Den Winter des Jahres 1973 läutete in Bosund unaufhörlicher Schneefall ein. In 400 Kilometer nördlicher Entfernung von Helsinki setzt auch heute noch der Frost Ende September ein, und die Eisdecke verschwindet erst gute drei Monate nach der boot Düsseldorf von der Ostsee. Genau hier nahm die Unternehmung, die später unter dem Namen Baltic Yachts bekannt werden sollte, mit der Errichtung einer Rundbogenhalle ihren Lauf; umgeben von Pinienwäldern und in – wie es eine ältere Werftpublikation nennt – „herrlicher Abgeschiedenheit“.
Neben der inselreichen Küste ist die Region Ostbottnien, die jahrhundertelang zu Schweden gehörte, bekannt für ihre exzellenten Bootsbauer. Dazu zählen auch die Baltic-Gründer Per-Göran „PG“ Johansson, Tor Hinders, Nils Luoma, Ingmar Sundelin und Jan-Erik Nyfelt. Sie alle gaben ihre Arbeit bei Nautor’s Swan auf, weil man dort ihren neuen Leichtbauweg nicht mitgehen wollte.
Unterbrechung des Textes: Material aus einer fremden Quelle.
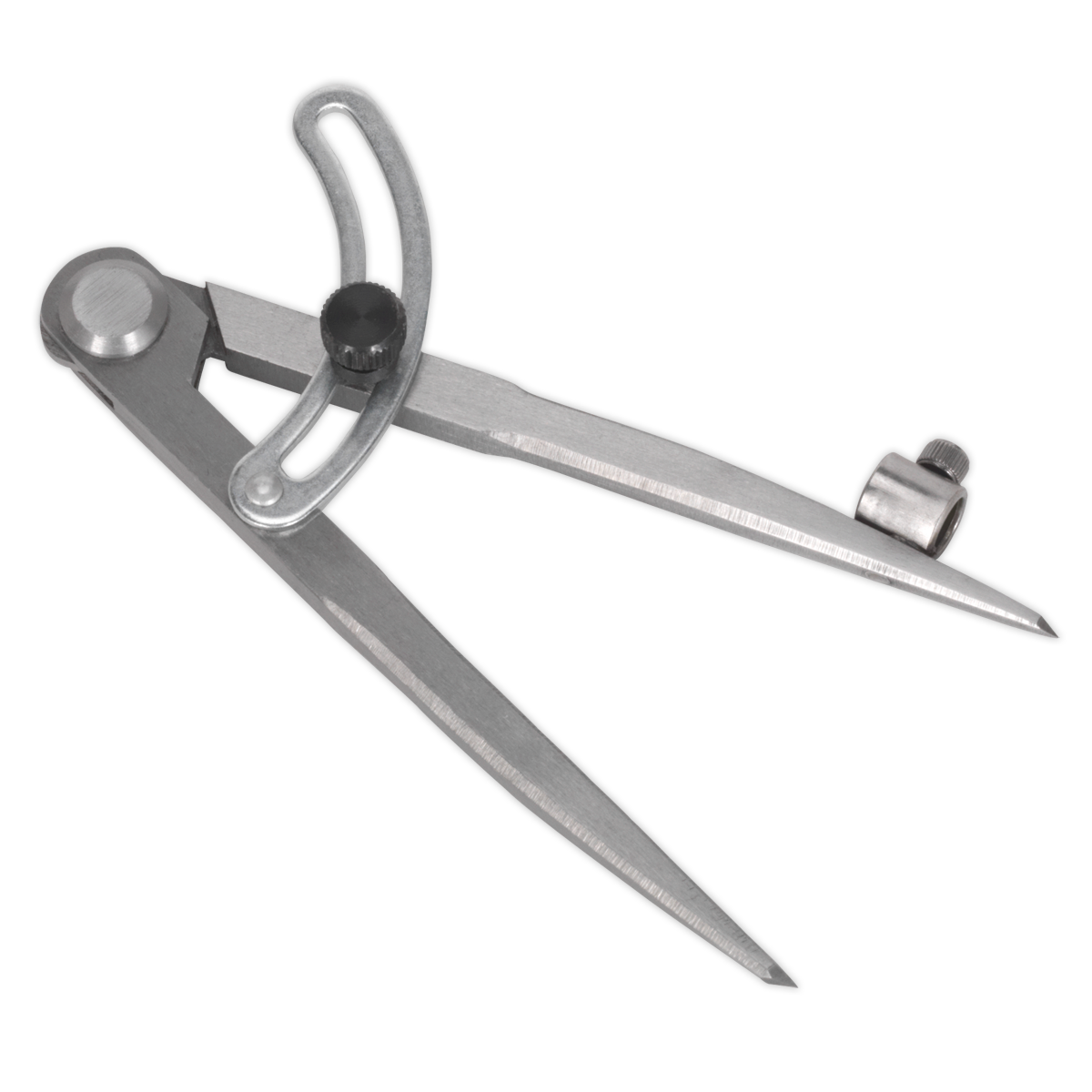 Sealey Locking Wing Divider With Compass 150mm Brushed Metal Finish AK97107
Der deutsche Baltic-Händler Walter Meier-Kothe erinnert sich: „PG war Projektmanager für die Swan 65 ‚Sayula‘, die er so leicht wie möglich bauen wollte. Nautor beharrte aber auf der GFK-Standardversion.“ Im Sieg von „Sayula“ beim ersten Whitbread-Race 1973/74 sah Nautor eine Bestätigung, gleichzeitig wuchs der Druck auf Johansson und seine Mitstreiter. Sie wollten die Sandwich-Bauweise mit Balsaholz-Kern und, auch das ein Novum, unidirektionalen Glasfasergelegen etablieren. Aber die fünf brauchten einen Riss und Stücklisten, also eine exakte Übersicht über alle Komponenten. Das gab keine Werft und kein Konstruktionsbüro einfach so heraus.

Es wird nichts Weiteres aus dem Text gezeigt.